Any day now I’m hoping for first contact, where the founding aliens arrive offering first-class tickets for some off-planet travel. Excuse me while I pack a bag.

As I tuck in clean underwear, I’m looking around this motel room and wondering about the people I work with at The Nudge Wink Report. You think you know people, that you’ve got a handle on all their quirks and foibles, and then you live with them for a week and your world is rocked.

Floridaborne ignored the “no pets” rule by bringing her furry friends along and I’m finding little hidden “gifts” tucked into places they shouldn’t be tucked. Floridaborne lives in Florida (no shit Sherlock!) and if you’ve read her blog, you know she suffers from insomnia and doesn’t know why. Well, I know why so follow the linky link here…she lives in Florida, the VERY SAME STATE Stephen King resides during the winter. He writes horror stories, he wrote “INSOMNIA.” Case closed. You are welcome. I had hoped that spending a week up here in Cleveland, where it’s dark and cold, would put her insomnia to sleep. But I’ve had more than one person tell me they had that creepy crawly feeling all week…they’d wake up feeling like someone was watching them. And she was…but I told them we had mice, just to make them feel better.
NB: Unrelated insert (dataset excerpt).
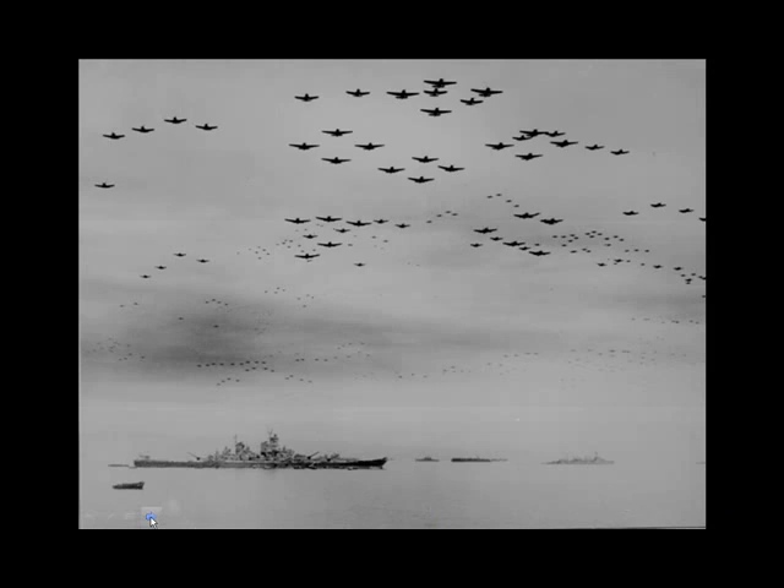Particularly after the war, there was a void of golf course architects. One architect, Robert Trent Jones Sr., stepped in and epitomized the John Wayne attitude — we're Americans, we just won the war, we're bigger, stronger, better than everybody, and we're going to build golf courses to reflect that. In the 50s and 60s, the US was pretty full of itself, and Robert Trent Jones epitomized that.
Then we have the BritCom duo, Ben and David, who both signed up to be Field Reporters in 2016. They bring a sophisticated spit & polish to NWR, what with their proper use of the English language…which is very proper as they are both British. I don’t know where they live. I suspect it’s over a pub. When they file their copy, I get a faint whiff of hops, which is crazy because Apple has yet to come out with a laptop with an olfactory app. Ben and Dave (they sound like a singing group…or perhaps a flavour of ice cream) offer our readers unique insights into all things British. Now if only they can explain the Brexit dance. Britain put one foot in…to the EU…then put one foot out. Right now I think they’re shaking that foot about and doing some dance called the Hokie-Pokie. Any day now, they’ll turn themselves around. They make us laugh every time they try to pronounce migraine and aluminium. Which we’ve tried to make them do every single day since Christmas.

Looking over in the corner, I spy Dave and Tom fighting over who gets dibs on the last carton of Chinese food. I don’t have the heart to tell them it’s not Chinese food. It’s where Floridaborne stores her dog’s kibble. I doubt they’ll figure it out…unless they run out of soy sauce. Dave and Tom are my longest-running blogging besties. We’ve known each other for years, and they still amuse and disgust me, in equal measure. I am one lucky girl. Whenever it’s their time to post a story to NWR, I turn off my email notification and put my iPhone on silent. Because while I’m unofficially the boss of them here at NWR, I am not officially responsible for what words flow with feverish fluidity from their fingers. And I have an iron-clad contract that says I can put my fingers in my ears and run around shouting “na-na-nana-na.” So don’t hate email me. Send me a text instead and I’ll hook you up with their wives. *wink-wink*

I’ll wrap  up this post now by wishing all our readers a 2017 that does not smell of butt. To help, because that’s the kind of bloggers we are, we’re working with WordPress developers on a “fresh linen” scented widget. So not only will every post you read smell good, it will also fool you into thinking you’ve done your laundry.

Happy New Year to everyone we’ve ever meet, anywhere, on this planet or off, in the world, the galaxy, the universe, in the bathroom, on the street, standing in line at A&W, taking out the garbage, when your dog is pooping and you are scooping, in jail, in therapy, or somewhere over the rainbow!